Application demonstration of the microfiber sensor
The capacity to monitor changes in the local proton concentration endows the microfiber sensor with the capacity to monitor microcurrents. As shown in Fig. 6i, j, we evaluated the response time of the sensor. The rise (fall) process corresponded to the presence (removal) of applied voltage. We found that the rise/fall time was 55 s/48 s at the working electrode (Fig. 6i), and 20 s/5 s at the counter electrode (Fig. 6j) following the 10%-90% rule43. Such a response speed for a current sensor was indeed not very fast, but this response delay was not the delay of the fiber. It was mainly due to the fact that the microcurrent monitoring was derived from the measurement of proton concentration changes (pH changes) in the electrolyte, which were caused by the diffusion of protons and hydroxyl groups in the electrolyte when the current was applied. This process also took 55 s (rise time)/48 s (fall time) at the working electrode, and 20 s (rise time)/8 s (fall time) at the counter electrode. This led to the sensor’s response time being measured in seconds. Therefore, the sensor’s response to pH changes occurred almost simultaneously, whereas its response to current was somewhat delayed because of its detection mechanism. Since the response time of the sensor at the counter electrode was significantly shorter than that at the working electrode, we placed the sensor at the counter electrode for monitoring in chemical and biological applications. Despite not being very fast in response time, as a dielectric probe for microcurrent monitoring, our sensor is still capable of monitoring many biological or chemical processes with microcurrents that do not require extremely fast responses, such as the identification of photoinduced carrier decay, the monitoring of hydrogen‒oxygen battery power generation, and the monitoring of the polarization process of nerve cells. In the following work, the sensor was used in these applications. Because the signal acquired by the sensor at the counter electrode is more distinct, the sensor was uniformly positioned at the counter electrode for monitoring real samples. The microfiber was positioned at a distance of 204 μm from the counter electrode.

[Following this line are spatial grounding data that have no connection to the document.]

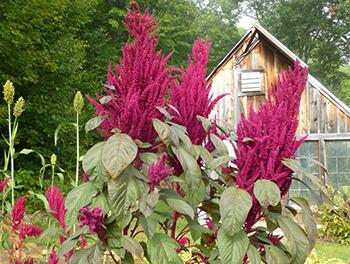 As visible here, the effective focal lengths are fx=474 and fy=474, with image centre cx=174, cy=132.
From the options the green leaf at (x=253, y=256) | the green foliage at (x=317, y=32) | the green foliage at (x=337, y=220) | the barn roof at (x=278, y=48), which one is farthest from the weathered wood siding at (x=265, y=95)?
the green foliage at (x=317, y=32)

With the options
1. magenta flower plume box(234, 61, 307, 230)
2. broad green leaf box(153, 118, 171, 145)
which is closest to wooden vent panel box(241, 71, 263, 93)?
magenta flower plume box(234, 61, 307, 230)

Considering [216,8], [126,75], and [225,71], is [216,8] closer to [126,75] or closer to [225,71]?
[225,71]

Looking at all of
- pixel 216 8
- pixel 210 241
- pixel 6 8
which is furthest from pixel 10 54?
pixel 216 8

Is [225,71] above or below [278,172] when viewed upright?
above

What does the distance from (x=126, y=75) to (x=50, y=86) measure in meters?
12.2

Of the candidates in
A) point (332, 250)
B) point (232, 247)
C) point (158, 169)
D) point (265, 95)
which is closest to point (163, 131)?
point (158, 169)

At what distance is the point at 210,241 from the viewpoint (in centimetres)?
221

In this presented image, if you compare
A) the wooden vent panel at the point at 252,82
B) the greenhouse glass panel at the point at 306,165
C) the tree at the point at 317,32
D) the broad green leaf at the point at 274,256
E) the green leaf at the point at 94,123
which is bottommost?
the greenhouse glass panel at the point at 306,165

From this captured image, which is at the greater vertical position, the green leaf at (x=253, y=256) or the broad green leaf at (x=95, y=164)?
the broad green leaf at (x=95, y=164)

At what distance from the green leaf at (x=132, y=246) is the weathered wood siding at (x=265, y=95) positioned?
30.4ft

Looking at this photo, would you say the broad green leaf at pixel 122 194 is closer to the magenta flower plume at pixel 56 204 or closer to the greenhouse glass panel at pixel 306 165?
the magenta flower plume at pixel 56 204

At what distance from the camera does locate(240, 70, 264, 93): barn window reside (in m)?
11.6

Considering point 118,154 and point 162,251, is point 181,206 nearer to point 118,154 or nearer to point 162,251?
point 162,251

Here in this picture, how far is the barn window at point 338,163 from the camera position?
11.2 meters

Identification of photoinduced carrier decay
Monitoring the photogenerated microcurrent in photocurrent materials is an essential approach for evaluating their performance44. Here, the prepared dielectric sensor was employed for real-time monitoring of the photogenerated microcurrent in a TiO2 film. Under illumination, the TiO2 film exhibited a photocurrent of 0.25 mA, which could be consistently generated in the dark‒light alternating mode (Fig. 7a, b). Notably, when an electrochemical workstation was employed for monitoring the generation and disappearance of microcurrents, no discernible charge carrier attenuation phenomenon was observed. Nevertheless, with increasing number of light‒dark cycles, the increase in the pH at the electrode gradually diminished (Fig. 7c), which was not reflected in the current value monitored by the electrochemical workstation.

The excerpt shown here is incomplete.